TASK DESCRIPTION:
Each line below from the one containing "168 - An Indian" through the one containing "Een close-up van" is to be given again exactly, and no line outside that span.

SOURCE DATA:

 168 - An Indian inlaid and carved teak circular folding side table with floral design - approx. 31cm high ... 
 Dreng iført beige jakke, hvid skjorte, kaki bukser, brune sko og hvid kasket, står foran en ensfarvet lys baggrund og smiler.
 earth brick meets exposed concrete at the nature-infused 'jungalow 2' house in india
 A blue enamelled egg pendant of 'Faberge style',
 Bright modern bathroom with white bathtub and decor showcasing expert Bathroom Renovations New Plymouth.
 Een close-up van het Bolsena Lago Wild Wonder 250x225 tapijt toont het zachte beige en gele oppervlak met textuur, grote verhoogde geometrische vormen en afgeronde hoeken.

--

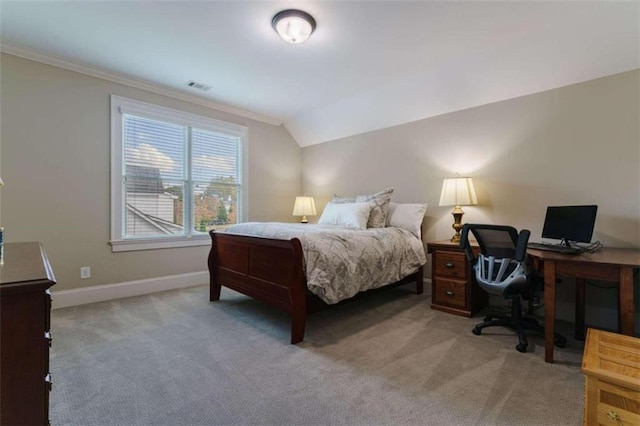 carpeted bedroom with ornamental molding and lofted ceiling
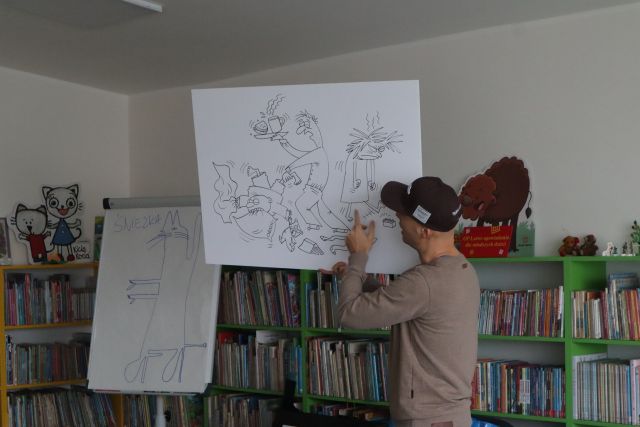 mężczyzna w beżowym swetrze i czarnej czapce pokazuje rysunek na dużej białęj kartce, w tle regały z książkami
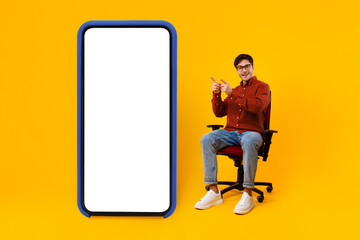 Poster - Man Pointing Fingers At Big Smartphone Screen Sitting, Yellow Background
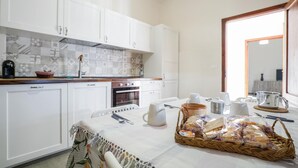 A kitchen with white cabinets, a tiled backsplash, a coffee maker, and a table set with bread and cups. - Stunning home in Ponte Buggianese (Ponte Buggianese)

--

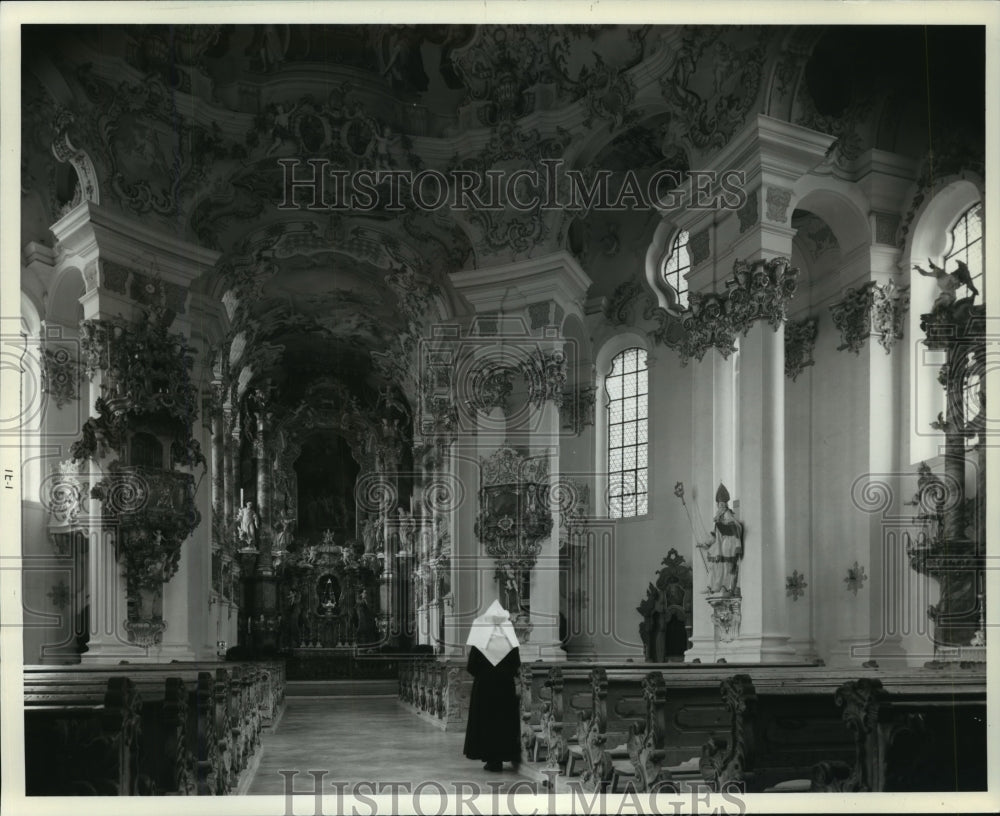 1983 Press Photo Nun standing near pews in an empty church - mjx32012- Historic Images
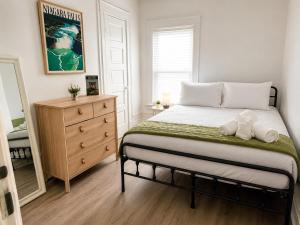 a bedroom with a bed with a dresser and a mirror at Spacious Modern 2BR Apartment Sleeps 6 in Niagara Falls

SOLUTION FOR THIS TASK:
 168 - An Indian inlaid and carved teak circular folding side table with floral design - approx. 31cm high ... 
 Dreng iført beige jakke, hvid skjorte, kaki bukser, brune sko og hvid kasket, står foran en ensfarvet lys baggrund og smiler.
 earth brick meets exposed concrete at the nature-infused 'jungalow 2' house in india
 A blue enamelled egg pendant of 'Faberge style',
 Bright modern bathroom with white bathtub and decor showcasing expert Bathroom Renovations New Plymouth.
 Een close-up van het Bolsena Lago Wild Wonder 250x225 tapijt toont het zachte beige en gele oppervlak met textuur, grote verhoogde geometrische vormen en afgeronde hoeken.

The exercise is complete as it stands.